Frederick W. Kickbusch (sometimes misspelled Kickbush) (January 25, 1841 - September 12, 1907) was an American lumberman and firefighter from Wausau who served one term in the 31st Wisconsin Legislature as an Independent Greenbacker member of the Wisconsin State Assembly from Marathon County.

== Background ==
Kickbusch was born at Kolberg, in Pomerania, part of the Kingdom of Prussia, on January 25, 1841; he received a common school education; immigrated to America with his parents in 1857, and settled in the city of Milwaukee, but moved to Wausau in 1860, and became a lumberman. On October 28, 1864, he married Mathilde Braatz of Berlin, Wisconsin; they would have four children.

== Elective office ==
As of 1878, he had been elected county treasurer of Marathon County three times in succession as a Democrat, as well as having held other local offices such as alderman and county supervisor. In 1877 Kickbusch (a long-time volunteer firefighter) was elected president of the State Fireman's Association, an office he would hold for three years.
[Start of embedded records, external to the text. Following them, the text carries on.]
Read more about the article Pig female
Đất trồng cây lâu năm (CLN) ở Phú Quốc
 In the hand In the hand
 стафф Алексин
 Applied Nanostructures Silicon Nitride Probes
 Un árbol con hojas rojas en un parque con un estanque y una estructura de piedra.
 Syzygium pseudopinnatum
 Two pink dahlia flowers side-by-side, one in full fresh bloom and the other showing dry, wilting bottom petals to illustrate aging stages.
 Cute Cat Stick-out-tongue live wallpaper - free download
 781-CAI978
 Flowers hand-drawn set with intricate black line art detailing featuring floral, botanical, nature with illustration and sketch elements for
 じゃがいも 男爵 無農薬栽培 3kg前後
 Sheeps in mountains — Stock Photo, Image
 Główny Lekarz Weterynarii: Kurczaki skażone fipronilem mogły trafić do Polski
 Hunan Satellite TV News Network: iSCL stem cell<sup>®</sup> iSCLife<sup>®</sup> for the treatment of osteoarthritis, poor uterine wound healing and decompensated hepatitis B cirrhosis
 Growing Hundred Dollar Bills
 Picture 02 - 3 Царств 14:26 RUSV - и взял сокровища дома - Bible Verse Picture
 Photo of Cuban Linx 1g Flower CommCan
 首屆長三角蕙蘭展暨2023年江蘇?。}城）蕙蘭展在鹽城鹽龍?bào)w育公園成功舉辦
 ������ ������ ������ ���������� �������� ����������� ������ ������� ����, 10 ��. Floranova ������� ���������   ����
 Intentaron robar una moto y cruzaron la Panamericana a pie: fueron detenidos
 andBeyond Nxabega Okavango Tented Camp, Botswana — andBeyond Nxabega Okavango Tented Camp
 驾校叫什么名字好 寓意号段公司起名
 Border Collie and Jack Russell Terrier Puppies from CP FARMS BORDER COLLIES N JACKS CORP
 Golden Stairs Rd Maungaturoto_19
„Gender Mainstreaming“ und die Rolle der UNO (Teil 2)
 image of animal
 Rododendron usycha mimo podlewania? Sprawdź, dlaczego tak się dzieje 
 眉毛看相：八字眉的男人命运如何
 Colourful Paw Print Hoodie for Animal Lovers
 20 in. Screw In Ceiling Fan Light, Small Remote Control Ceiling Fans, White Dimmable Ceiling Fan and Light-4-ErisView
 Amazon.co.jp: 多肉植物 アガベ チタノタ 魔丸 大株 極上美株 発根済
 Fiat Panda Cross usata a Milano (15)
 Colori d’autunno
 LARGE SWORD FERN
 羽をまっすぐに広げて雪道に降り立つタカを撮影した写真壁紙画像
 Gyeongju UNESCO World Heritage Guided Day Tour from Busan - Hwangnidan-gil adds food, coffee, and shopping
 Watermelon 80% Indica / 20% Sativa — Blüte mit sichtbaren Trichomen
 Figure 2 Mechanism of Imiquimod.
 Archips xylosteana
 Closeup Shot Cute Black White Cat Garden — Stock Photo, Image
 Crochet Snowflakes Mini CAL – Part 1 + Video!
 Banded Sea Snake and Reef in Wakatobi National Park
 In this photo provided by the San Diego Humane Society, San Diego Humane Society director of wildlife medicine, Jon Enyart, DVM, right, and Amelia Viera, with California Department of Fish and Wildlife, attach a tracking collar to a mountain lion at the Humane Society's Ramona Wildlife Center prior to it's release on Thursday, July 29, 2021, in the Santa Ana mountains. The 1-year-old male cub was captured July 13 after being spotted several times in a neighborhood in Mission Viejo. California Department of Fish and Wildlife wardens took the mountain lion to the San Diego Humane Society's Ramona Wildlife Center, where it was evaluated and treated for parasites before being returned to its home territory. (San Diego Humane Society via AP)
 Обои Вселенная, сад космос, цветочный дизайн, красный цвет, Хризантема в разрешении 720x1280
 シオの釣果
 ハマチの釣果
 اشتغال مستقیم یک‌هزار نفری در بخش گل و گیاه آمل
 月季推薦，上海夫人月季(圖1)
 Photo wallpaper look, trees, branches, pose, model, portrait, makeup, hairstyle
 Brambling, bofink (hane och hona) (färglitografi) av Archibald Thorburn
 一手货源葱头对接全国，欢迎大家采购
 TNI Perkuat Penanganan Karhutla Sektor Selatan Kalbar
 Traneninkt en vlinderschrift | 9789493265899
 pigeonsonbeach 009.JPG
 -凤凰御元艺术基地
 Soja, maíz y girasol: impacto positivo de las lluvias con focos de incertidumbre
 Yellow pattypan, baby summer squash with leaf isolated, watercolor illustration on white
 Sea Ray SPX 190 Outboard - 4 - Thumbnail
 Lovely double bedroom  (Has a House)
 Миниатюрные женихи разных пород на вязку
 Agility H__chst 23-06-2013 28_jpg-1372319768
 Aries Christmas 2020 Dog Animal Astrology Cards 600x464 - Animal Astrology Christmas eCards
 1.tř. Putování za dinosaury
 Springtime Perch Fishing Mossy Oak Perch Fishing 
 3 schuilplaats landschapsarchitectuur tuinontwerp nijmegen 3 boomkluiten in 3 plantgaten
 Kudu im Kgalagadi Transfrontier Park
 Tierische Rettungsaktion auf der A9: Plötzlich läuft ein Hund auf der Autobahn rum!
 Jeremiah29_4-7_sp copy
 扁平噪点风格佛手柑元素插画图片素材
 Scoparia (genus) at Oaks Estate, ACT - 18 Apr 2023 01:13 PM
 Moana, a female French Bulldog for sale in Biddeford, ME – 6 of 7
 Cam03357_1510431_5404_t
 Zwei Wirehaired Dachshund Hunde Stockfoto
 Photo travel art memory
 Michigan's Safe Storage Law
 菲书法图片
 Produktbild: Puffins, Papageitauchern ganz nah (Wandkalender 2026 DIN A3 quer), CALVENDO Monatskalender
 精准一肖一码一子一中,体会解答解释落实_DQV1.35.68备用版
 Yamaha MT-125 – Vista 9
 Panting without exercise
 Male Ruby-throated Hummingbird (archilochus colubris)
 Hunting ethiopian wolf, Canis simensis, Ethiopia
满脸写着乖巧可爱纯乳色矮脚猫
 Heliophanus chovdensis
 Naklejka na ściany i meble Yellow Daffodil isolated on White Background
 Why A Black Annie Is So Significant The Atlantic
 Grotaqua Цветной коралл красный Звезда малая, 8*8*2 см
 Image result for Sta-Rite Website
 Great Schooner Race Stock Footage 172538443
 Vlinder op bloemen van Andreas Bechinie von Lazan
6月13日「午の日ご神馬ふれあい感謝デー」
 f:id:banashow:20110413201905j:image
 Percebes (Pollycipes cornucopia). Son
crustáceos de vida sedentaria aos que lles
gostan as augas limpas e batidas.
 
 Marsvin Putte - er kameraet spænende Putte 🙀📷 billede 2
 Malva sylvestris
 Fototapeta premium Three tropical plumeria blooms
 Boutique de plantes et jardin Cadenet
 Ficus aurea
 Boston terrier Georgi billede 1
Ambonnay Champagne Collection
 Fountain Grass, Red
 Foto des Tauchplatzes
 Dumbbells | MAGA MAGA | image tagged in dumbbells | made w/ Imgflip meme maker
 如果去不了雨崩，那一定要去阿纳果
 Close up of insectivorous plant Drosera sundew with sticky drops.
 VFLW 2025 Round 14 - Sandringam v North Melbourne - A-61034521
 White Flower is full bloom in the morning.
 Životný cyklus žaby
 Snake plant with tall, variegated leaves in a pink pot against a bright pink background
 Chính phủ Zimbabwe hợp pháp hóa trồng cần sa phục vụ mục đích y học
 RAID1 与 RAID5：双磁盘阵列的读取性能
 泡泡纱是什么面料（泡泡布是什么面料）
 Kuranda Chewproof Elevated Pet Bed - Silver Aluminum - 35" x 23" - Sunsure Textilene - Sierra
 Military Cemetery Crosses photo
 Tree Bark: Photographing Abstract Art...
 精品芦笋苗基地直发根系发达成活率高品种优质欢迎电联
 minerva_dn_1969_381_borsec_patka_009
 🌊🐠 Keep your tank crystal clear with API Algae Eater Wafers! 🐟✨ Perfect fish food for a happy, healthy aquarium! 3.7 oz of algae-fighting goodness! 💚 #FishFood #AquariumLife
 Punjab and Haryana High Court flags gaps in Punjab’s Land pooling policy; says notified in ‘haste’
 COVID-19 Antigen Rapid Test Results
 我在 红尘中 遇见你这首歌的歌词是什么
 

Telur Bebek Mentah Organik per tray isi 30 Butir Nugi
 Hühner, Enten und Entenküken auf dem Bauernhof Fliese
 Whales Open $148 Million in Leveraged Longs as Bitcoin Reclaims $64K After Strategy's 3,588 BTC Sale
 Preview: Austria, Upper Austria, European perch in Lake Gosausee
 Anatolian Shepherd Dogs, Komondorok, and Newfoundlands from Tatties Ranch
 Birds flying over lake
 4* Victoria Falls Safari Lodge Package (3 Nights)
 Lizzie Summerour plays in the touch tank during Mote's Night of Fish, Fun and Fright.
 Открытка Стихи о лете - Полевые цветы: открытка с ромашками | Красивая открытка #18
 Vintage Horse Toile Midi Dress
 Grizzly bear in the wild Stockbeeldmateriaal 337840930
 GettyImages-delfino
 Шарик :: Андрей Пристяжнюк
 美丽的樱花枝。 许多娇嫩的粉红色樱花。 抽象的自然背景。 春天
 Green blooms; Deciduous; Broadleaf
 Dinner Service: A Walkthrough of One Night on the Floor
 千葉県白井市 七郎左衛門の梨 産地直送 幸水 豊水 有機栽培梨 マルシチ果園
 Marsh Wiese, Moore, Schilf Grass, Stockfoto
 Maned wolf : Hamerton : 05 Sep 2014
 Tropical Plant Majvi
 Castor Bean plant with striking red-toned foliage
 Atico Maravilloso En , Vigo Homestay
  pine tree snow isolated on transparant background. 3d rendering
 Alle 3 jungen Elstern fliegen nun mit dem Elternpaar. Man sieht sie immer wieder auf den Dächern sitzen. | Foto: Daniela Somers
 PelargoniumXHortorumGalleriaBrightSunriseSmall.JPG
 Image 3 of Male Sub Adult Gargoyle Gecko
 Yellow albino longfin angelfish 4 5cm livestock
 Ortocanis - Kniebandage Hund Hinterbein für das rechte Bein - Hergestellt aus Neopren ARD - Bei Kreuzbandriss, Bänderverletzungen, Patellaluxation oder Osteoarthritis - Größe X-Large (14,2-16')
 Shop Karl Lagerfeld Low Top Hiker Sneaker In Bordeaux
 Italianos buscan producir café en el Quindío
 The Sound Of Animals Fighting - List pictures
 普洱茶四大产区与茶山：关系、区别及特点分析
He was elected to the Marathon County Assembly seat as an Independent Greenbacker in 1877, with 977 votes to 799 for Democrat J. C. Clarke. He was assigned to the standing committee on the assessment and collection of taxes. He ran for re-election in 1878, but was unseated by Democratic former state senator John Ringle, who polled 1282 votes to 1226 for Kickbusch. After 1879, he abandoned the Greenback movement and returned to the Democratic Party.

In 1893, he was appointed as the United States Consul for Stettin, in his native province of Pomerania, now part of the German Empire.